The plan, a $720 million bond to improve mobility in Austin, will be voted on in November. Adler attended the SG assembly hoping to gather student support for the plan.
“I remember really well the stories, just before I came to Austin, the students at the University of Texas decided the city elections,” Adler said. “It was this huge moment where the student body voted in huge numbers and decided the council members and the mayor for the City of Austin. I romanticize that time.”
Adler told the assembly that traffic is an issue Austin has chosen not to fix as a city and criticized the “do nothing” voices in Austin preventing progress from being made.

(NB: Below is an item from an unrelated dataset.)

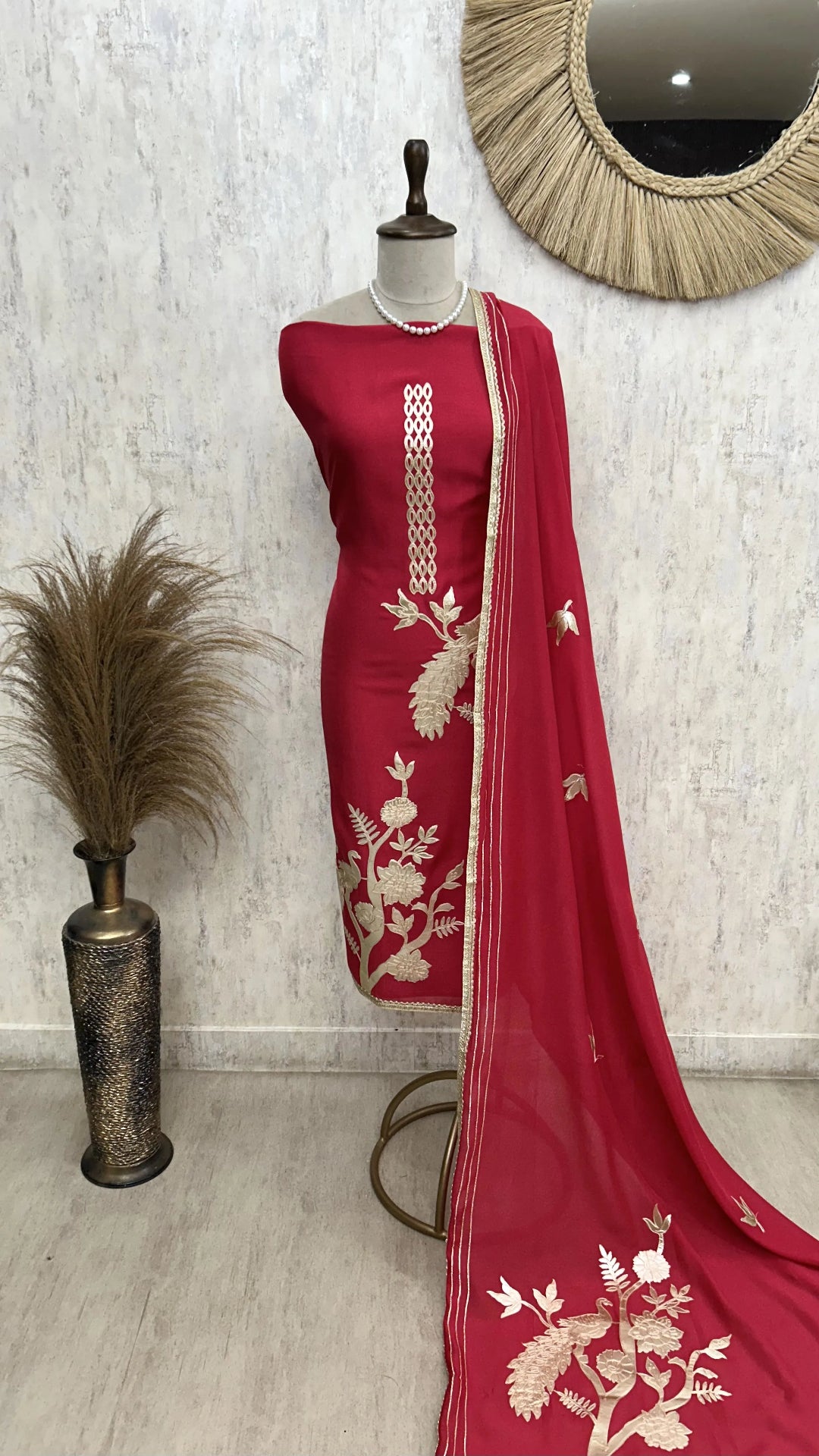 Mul Chanderi Unstitched Suit Set With Mul Chanderi Dupatta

“The thing that’s going to hold Austin back is mobility,” Adler said. “If people can’t get around the city, then the city will die as we know it. We will lose the spirit and soul of this city, and we will lose the diversity of this city.”

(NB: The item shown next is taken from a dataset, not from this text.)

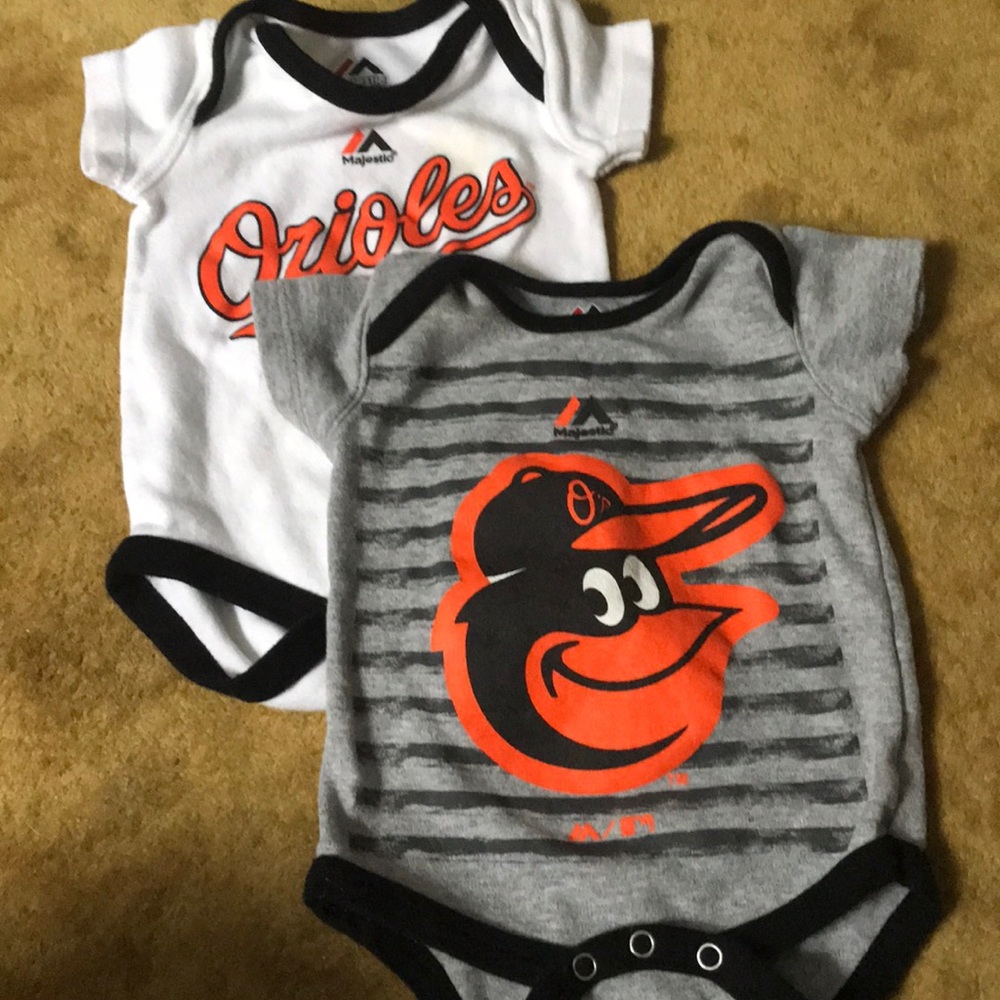 Set of Baltimore Orioles onesies. Size 0-3 mo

After Adler spoke, a resolution in support of the bond was introduced to the assembly for its first reading.
Davey Bemporad, the co-director for SG City Relations, said the bond must be supported by SG because it is the best thing for students.
“Students need to have safe roads around campus,” Bemporad said. “So many students ride bikes, ride the bus and walk around campus and without newer, safer systems, we will have an unsafe campus. We are doing what is by far the best thing for students. It’s very cost effective for what it’s trying to do for students and without a doubt Student Government should come out and support it.”
SG Assembly Speaker Santiago Rosales said Adler attending meetings allows for students to have a greater understanding of what the city is doing for them.
“For the last three years, the mayor has come to the student government meetings to talk to students about issues that matter to them, and to shed some light onto what the city is doing in general, and what they’re doing for students specifically,” Rosales said. “It’s a conversation about what can be done to make students’ experience in Austin better.”
Assembly members will vote on whether to support the November mobility bond at their meeting next Tuesday.